A decisão atende a um pedido de cumprimento de sentença apresentado pelo procurador da República Lucas Costa Almeida Dias, no âmbito de uma ação civil pública movida pelo Ministério Público Federal (MPF). De acordo com o órgão, embora intervenções emergenciais tenham sido realizadas, obras centrais continuam pendentes, como a reconstrução de trechos críticos, a conclusão da ponte sobre o Rio Tarauacá e a reativação do sistema de controle de excesso de peso.
Um dos pontos de maior atenção na decisão é a paralisação das obras na ponte sobre o Rio Tarauacá. Relatórios técnicos apontaram falhas na execução dos serviços contratados pelo DNIT, incluindo problemas nas vigas de concreto, dificuldades na protensão da estrutura e a necessidade de revisar o projeto original.
Embora um novo cronograma tenha sido estabelecido para a conclusão dos reparos definitivos, o magistrado responsável pelo caso ressaltou que haverá acompanhamento permanente, com previsão de responsabilização em caso de novos atrasos.
O juiz enfatizou a importância estratégica da rodovia para o abastecimento das cidades acreanas e o acesso a serviços públicos, destacando os trechos entre Sena Madureira e Tarauacá, historicamente castigados por atoleiros e rompimentos de pista durante o inverno amazônico. Na decisão, o magistrado ponderou que limitações orçamentárias não podem ser utilizadas como justificativa para descumprir a ordem judicial.
Fiscalização de peso e aplicação de multas
A Justiça também acolheu os argumentos do MPF sobre a falta de fiscalização do transporte de cargas pesadas.
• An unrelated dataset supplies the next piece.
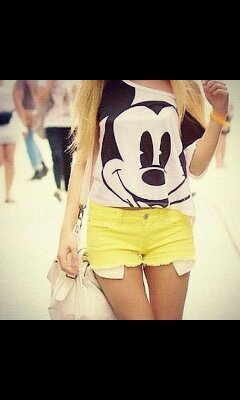 Aqui teneis todo lo que buscais sobre moda chicas . FAV si os encanta y RT si os gusta  :) .Cualquier pregunta preguntarnos en ask  :)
Segundo os autos, a União e o DNIT não comprovaram a reativação das balanças de pesagem localizadas na Tucandeira, em Sena Madureira e no Rio Liberdade, e tampouco apresentaram estudos para novos postos de controle.
Devido ao descumprimento dessas obrigações de fiscalização, o Judiciário manteve a aplicação de uma multa diária de R$ 10 mil, estipulando um teto limite de R$ 1 milhão.
Intimação de autoridades
Como desdobramento da ordem, a Justiça determinou a intimação pessoal de três autoridades do setor de infraestrutura:
O ministro dos Transportes;
O diretor-geral do DNIT;
O superintendente regional do DNIT no Acre.
Os gestores deverão prestar esclarecimentos diretos sobre o andamento das obras entre Sena Madureira e Tarauacá, o cronograma da ponte e o plano de reativação das balanças. Caso as determinações continuem sendo ignoradas, a decisão prevê a possibilidade de aplicação de multas pessoais diretamente aos responsáveis.